• Your task:
Take the lines below from the one with "Image de Bluebird Day - Crater Retreat" through the one with "Full leaked Omletik/ private onlyfans photo" and print only them, exactly. Don't print the pictures.

• Available records:
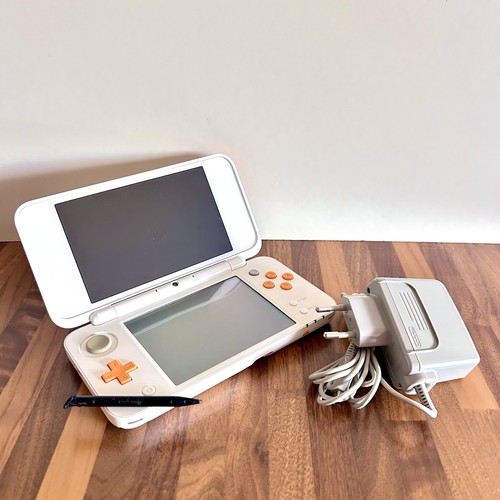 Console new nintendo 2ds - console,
---
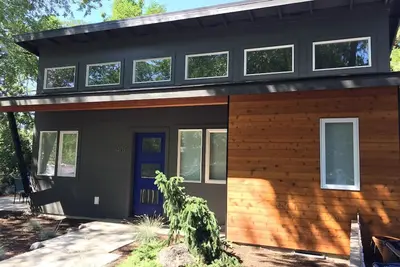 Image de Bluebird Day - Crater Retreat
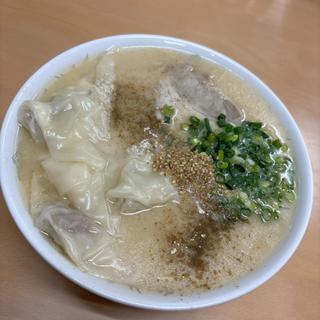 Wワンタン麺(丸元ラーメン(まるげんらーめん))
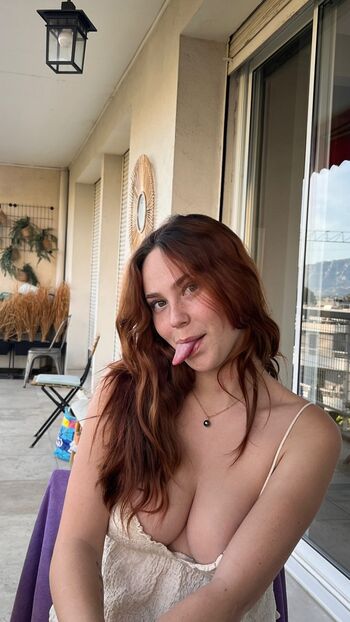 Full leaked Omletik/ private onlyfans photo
...
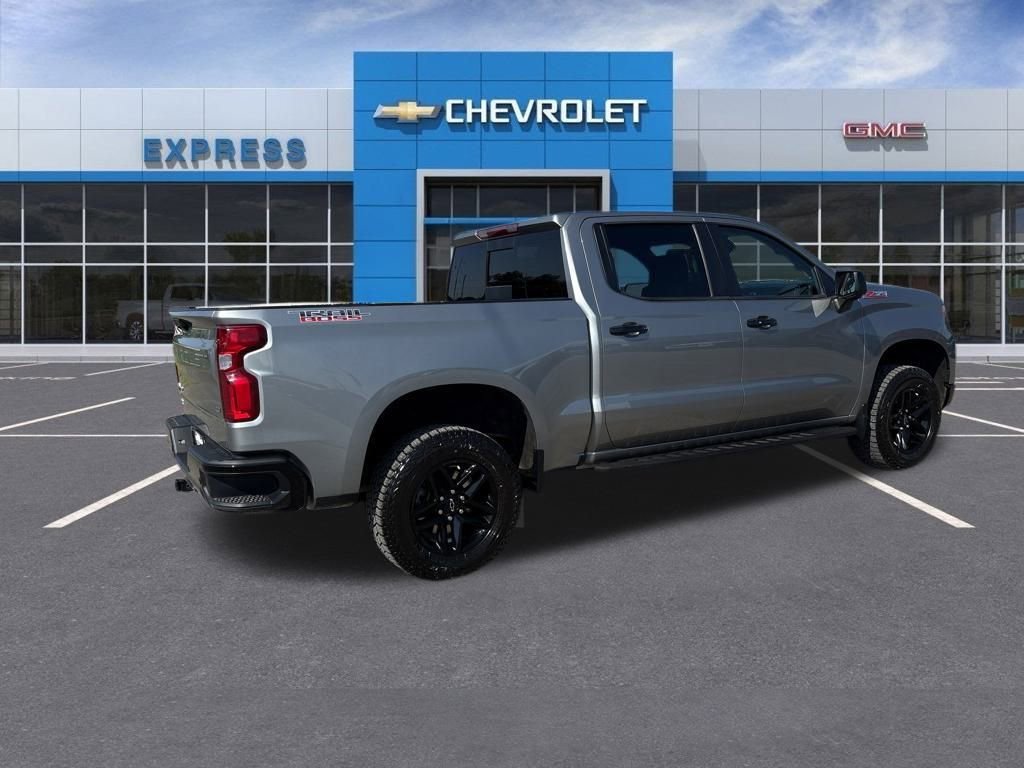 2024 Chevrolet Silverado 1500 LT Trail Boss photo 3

• Response to this exercise:
 Image de Bluebird Day - Crater Retreat
 Wワンタン麺(丸元ラーメン(まるげんらーめん))
 Full leaked Omletik/ private onlyfans photo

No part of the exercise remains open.